The embodiments illustrated in FIGS. 2A-2C assume an identical
camera device oriented in portrait mode and having a same sensor
aspect ratio. Regarding FIGS. 2B and 2C, FIG. 2B represents an
embodiment in which the sensor aspect ratio 212 is greater than the
capture aspect ratio 216, and FIG. 2C represents an embodiment in
which the sensor aspect ratio 222 is less than the capture aspect
ratio 226.
[0030] Referring now to FIG. 2A, reference 202 represents the
dimensions of the sensor aspect ratio of the image sensor of the
camera device when positioned in portrait orientation, and
reference 204 represents the dimensions of the resulting landscape
image captured in accordance with the disclosed method. Referring
now to FIG. 2B, reference 212 represents the dimensions of the
sensor aspect ratio of the image sensor of the camera device when
positioned in portrait orientation, reference 214 represents the
dimensions of a portrait image produced by a cropping of the sensor
aspect ratio 212 (first crop), and reference 216 represents the
dimensions of the landscape image resulting from a cropping of the
portrait image 214 (second crop). Referring now to FIG. 2C,
reference 222 represents the dimensions of the sensor aspect ratio
of the image sensor of the camera device when positioned in
portrait orientation, reference 224 represents the dimensions of a
portrait image produced by a cropping of the sensor aspect ratio
222 (first crop), and reference 226 represents the dimensions of
the landscape image resulting from a cropping of the portrait image
224 (second crop).
[0031] As will be apparent from the following disclosure, in
embodiments in which the sensor aspect ratio that is less than the
capture aspect ratio, the landscape image 204 resulting from the
disclosed method has a greater field of view than the landscape
image 226 resulting from the conventional method. In embodiments in
which the sensor aspect ratio that is greater than the capture
aspect ratio, the landscape image 204 has the same field of view as
the landscape image 216 resulting from the conventional method.
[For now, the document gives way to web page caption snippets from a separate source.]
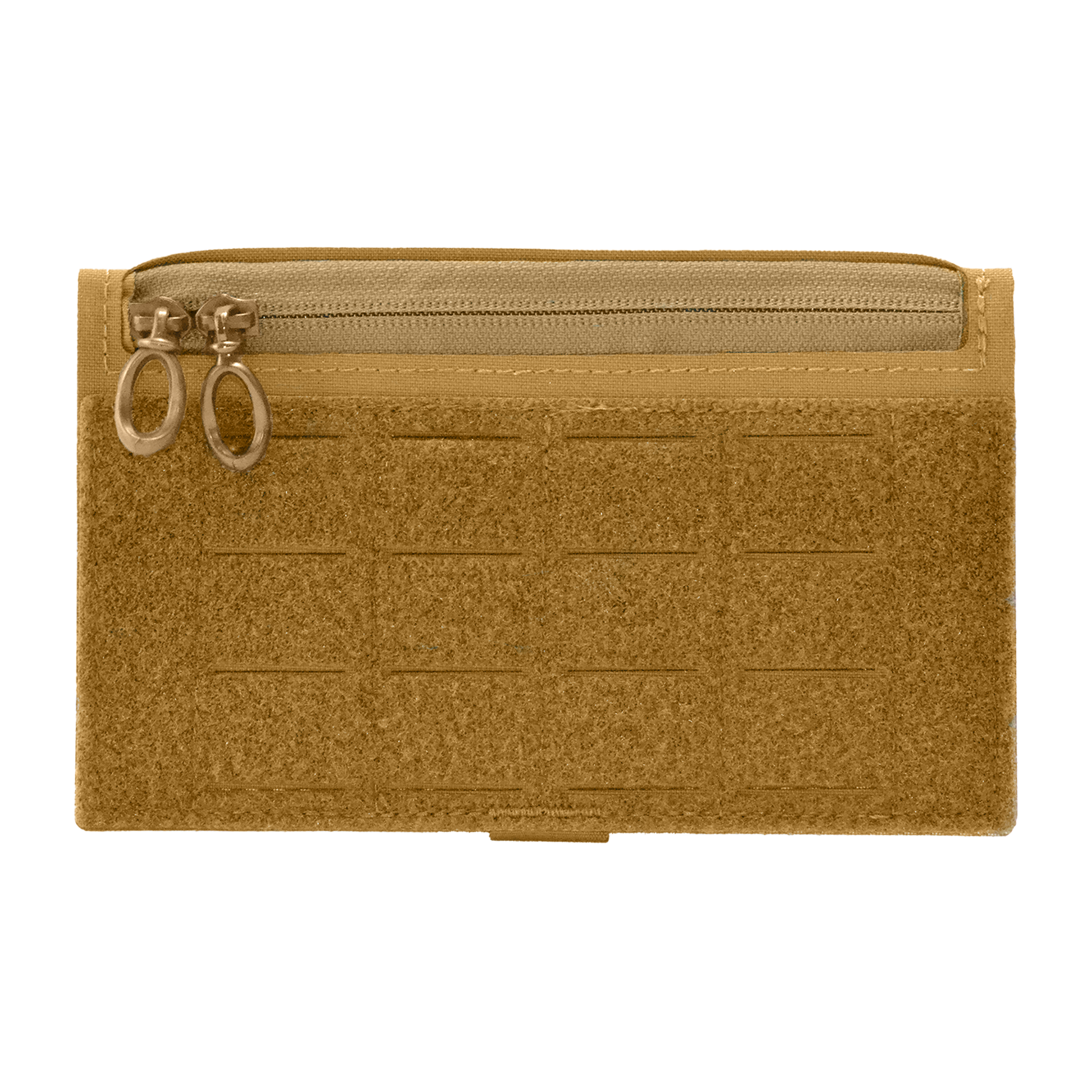 Coyote Brown Jack Flap Image - Boreal Defence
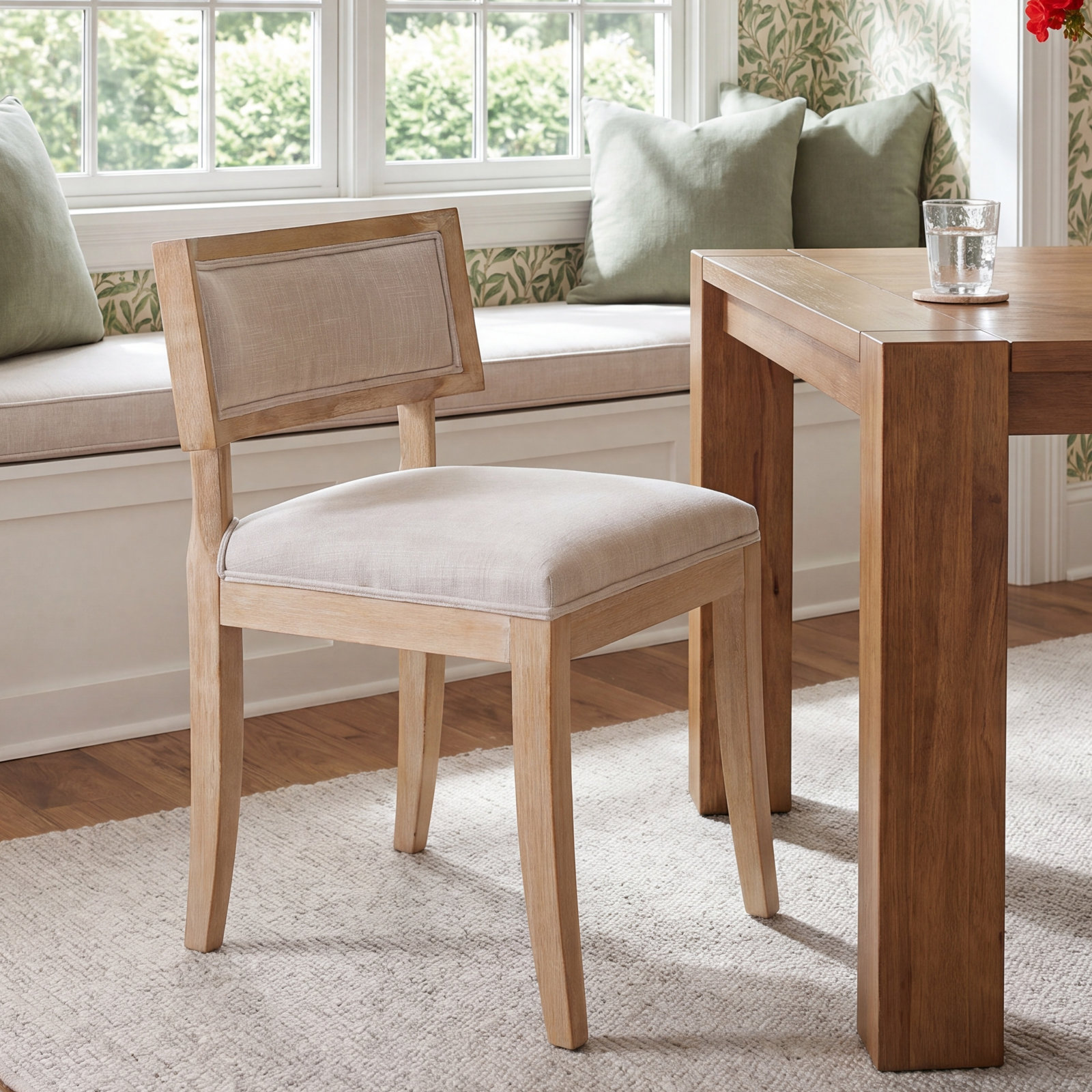 Side Chair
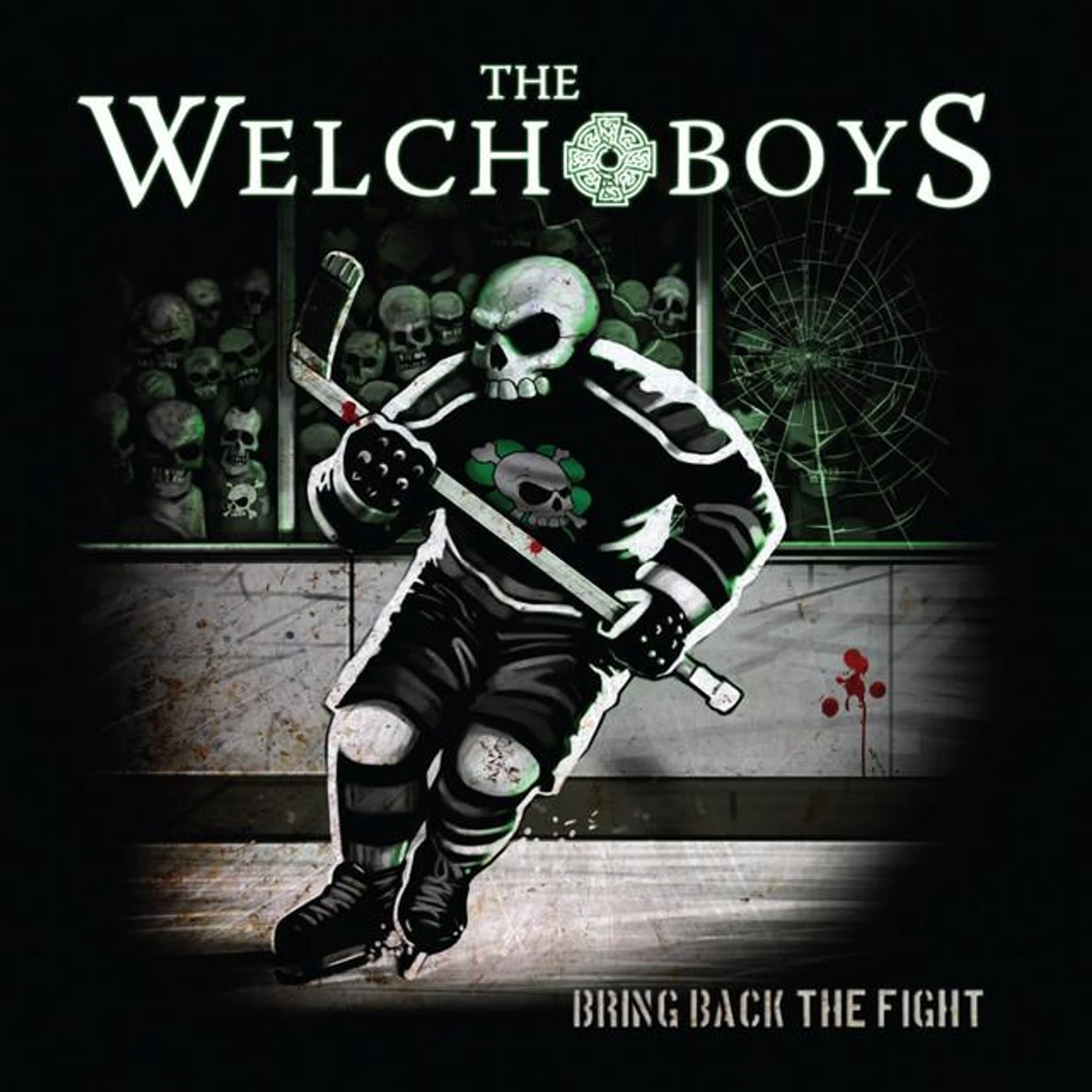 The Welch Boys Brand Page
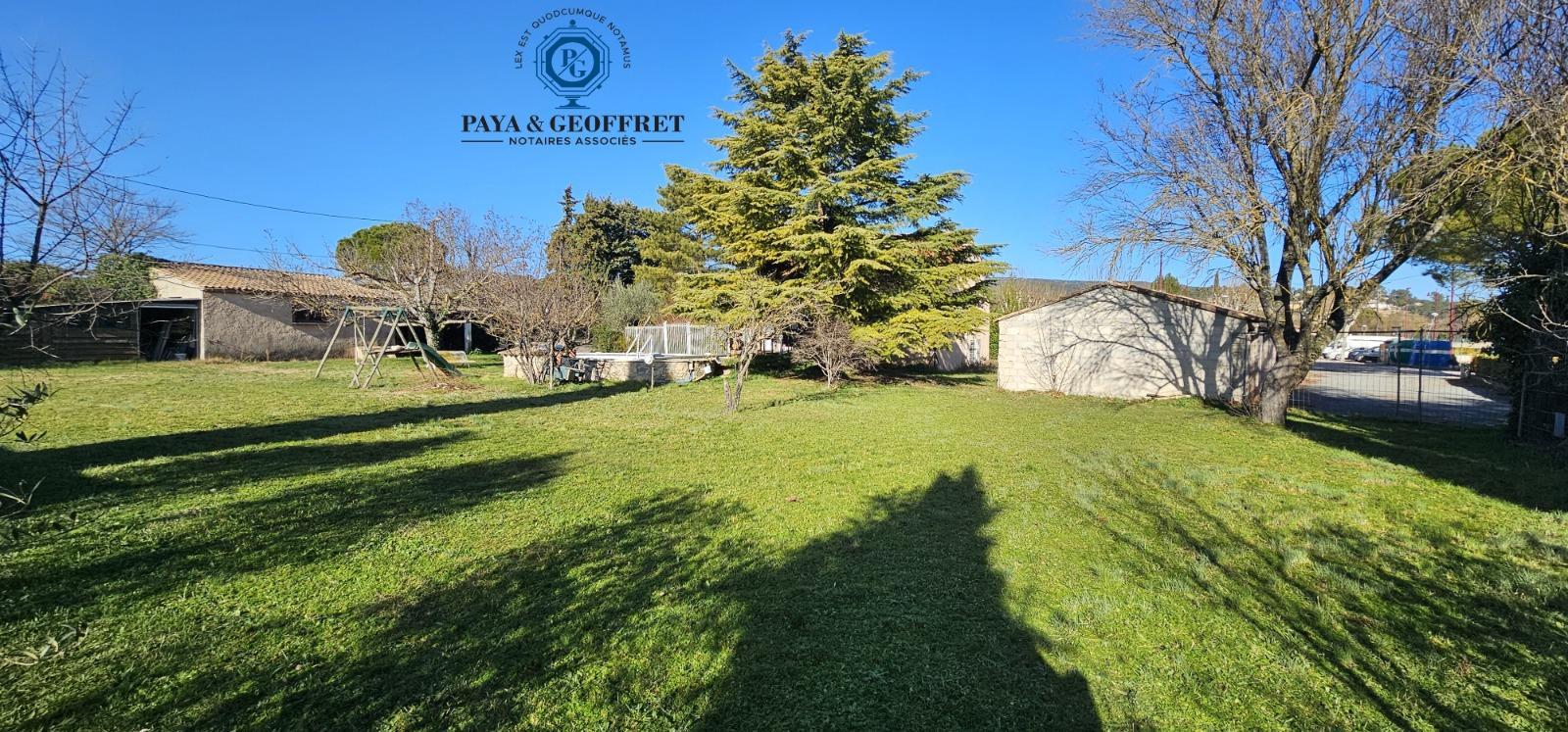 Building Plot à Garéoult — vignette 3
[0032] In the detailed discussion that follows, FIGS. 3A-3G and
4A-4J are provided to illustrate examples of conventional methods
typically implemented to achieve a landscape image. FIGS. 3A-3G
support an example of a conventional method used to capture a
landscape image when the camera device is positioned in landscape
orientation. FIGS. 4A-4J support an example of a conventional
method used to capture a landscape image when the camera device is
positioned in portrait orientation. As discussed more fully below,
the landscape images produced using the conventional methods do not
maintain a consistent field of view. Furthermore, when compared to
a landscape image generated using the disclosed method, a landscape
image derived from a portrait image using the conventional method
suffers from a significantly reduced field of view.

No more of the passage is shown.